Either way, they typically have only one of two options in mind for their business when that day comes:

              1. Create a business that runs on its own and provides its owner with consistent cash flow — one with very little dependence on owners being present to accomplish growth.
              2. Sell the business to an outside investor for a nice valuation, based on a multiple of the practice’s revenue or earnings.

Whether it’s the automated cash flow machine you want or a sell out, both of these strategies would be a great option for a successful advisor to have in order to live the retirement years they’ve always dreamed of.

Related: Have business, will retire (or maybe not)

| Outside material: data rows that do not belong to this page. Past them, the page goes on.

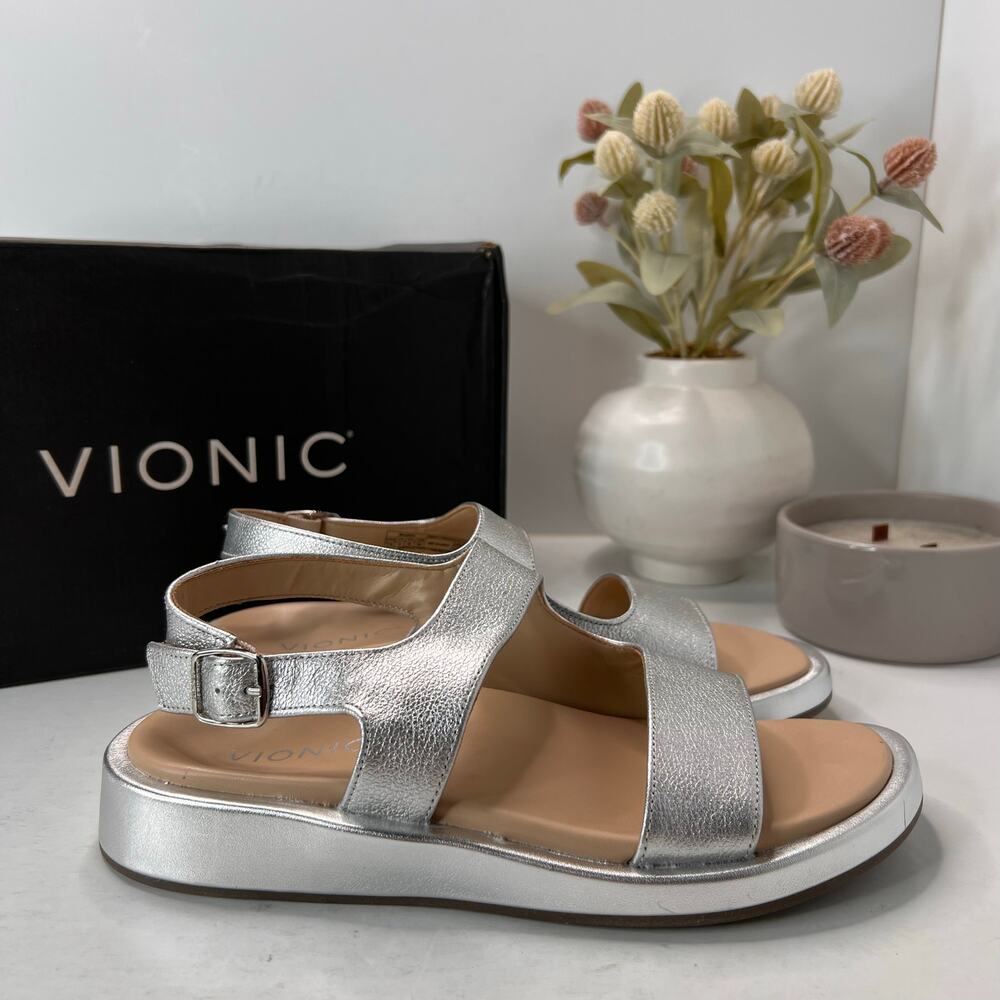 Vionic Madera Leather Slingback Wedge Sandal Silver Women's 7.5M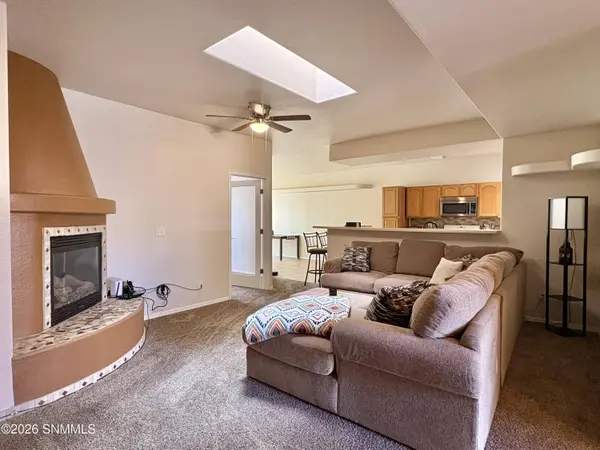 1231 Gunsight Peak DR, Las Cruces, NM 88012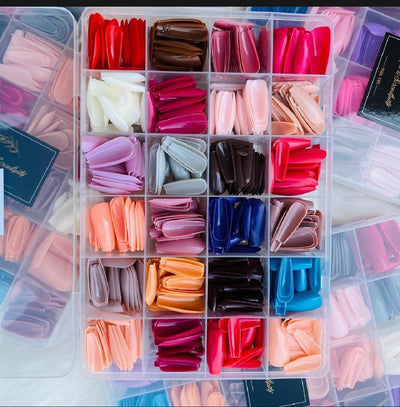 Pack of 576 Multicoloured Fake Nails – Customizable Nail Art Set for Endless Creativity - Zelriya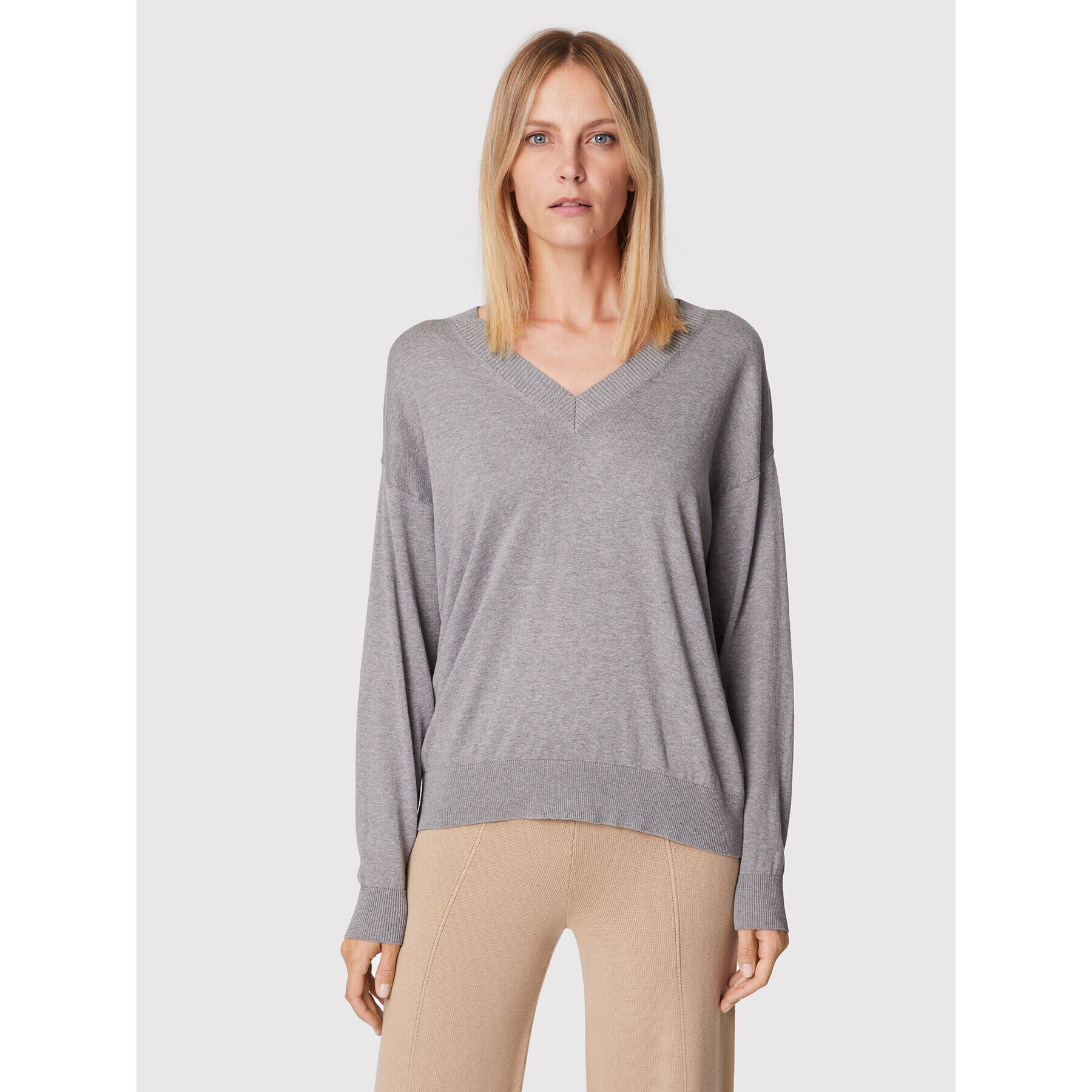 Weekend Max Mara Пуловер Martina 53660729 Сив Relaxed Fit - Pepit.bg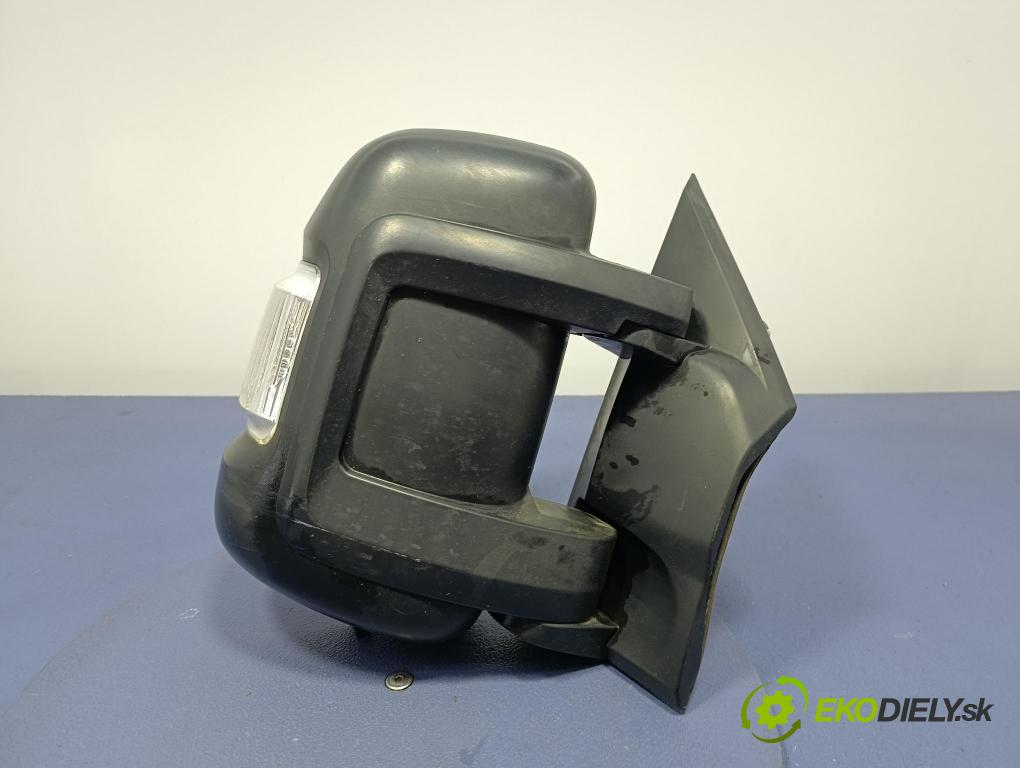 Peugeot Boxer 2006 zpětné zrcátko prave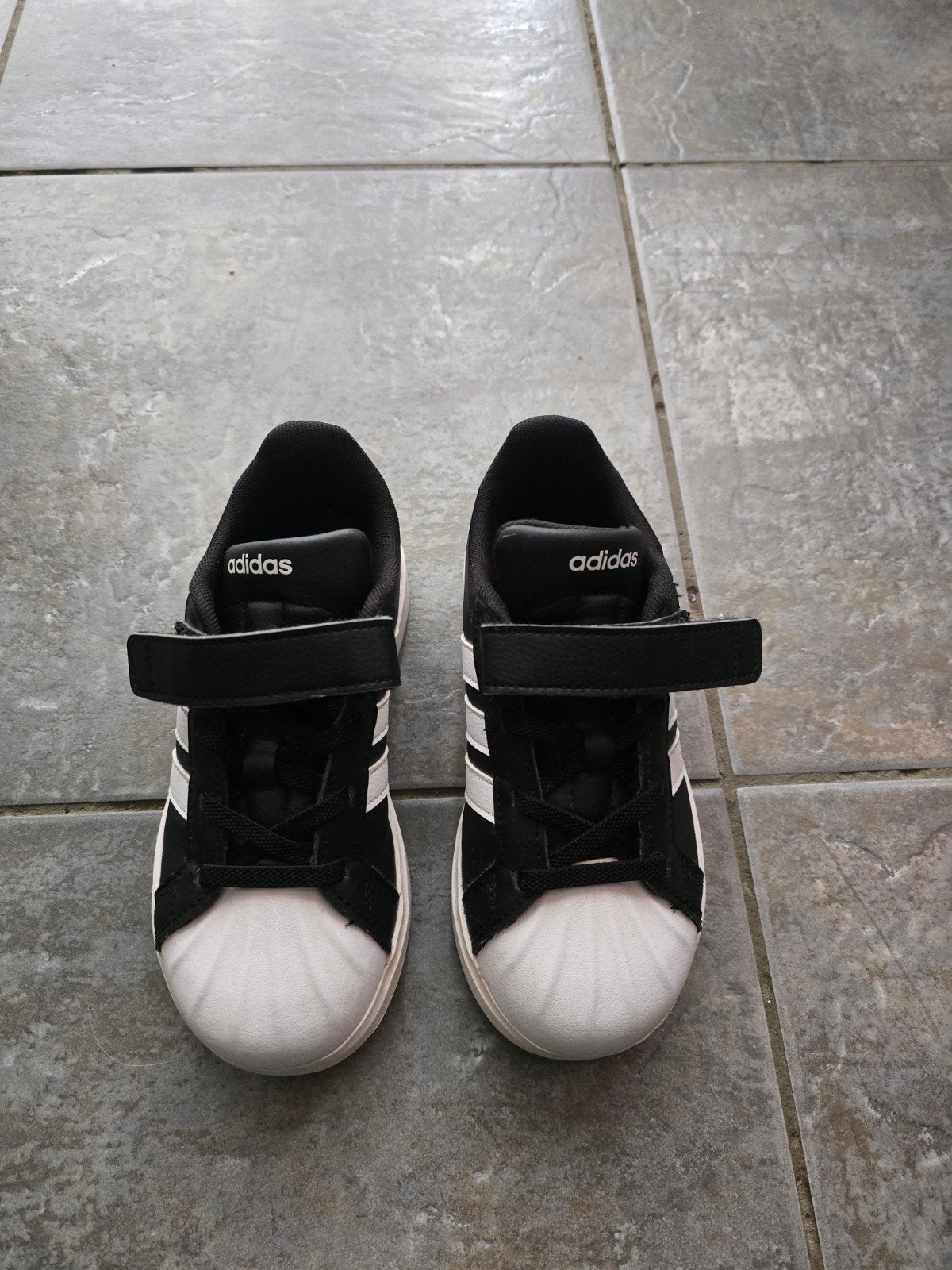 Adidas  kinderschoenen - Zwart/Wit - Maat 30, Kinderen en Baby's, Adidas, Gebruikt, Jongen of Meisje, Schoenen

But nine times out of 10, these businesspeople either end up with a practice that is much more dependent on them than they expected, forcing them to work and not retire at all. Or the valuation they get on their business and what they thought it would be worth, are miles apart.

I spoke with a successful financial advisor recently  — let’s refer to him as “Mike” — who was at this point in his life.  He was reaching retirement age and was very proud of the business he had built over the last 30 years. He knew all of the blood, sweat and tears it took to build his business. He was sure the business would be very attractive to buyers, and expected to get a high valuation for it. Besides, he had heard, the bigger the business, the higher the multiple he would get… right?

Unfortunately, outside investors had another opinion on what his company was worth.

Related: The business succession plan: Do your clients have one?

An earn-out vs. a sale

I asked Mike  two simple questions: “If you left your business for two months, would it run by itself? Would it be able to grow on its own?”

His answer? “No.”

This highlights one of the biggest fallacies regarding the time when an advisor tries to sell his or her business. Most believe they can sell their business for cash and sail off into the sunset. Many advisor practices, however, are reliant on the business owner, making it very hard to sell.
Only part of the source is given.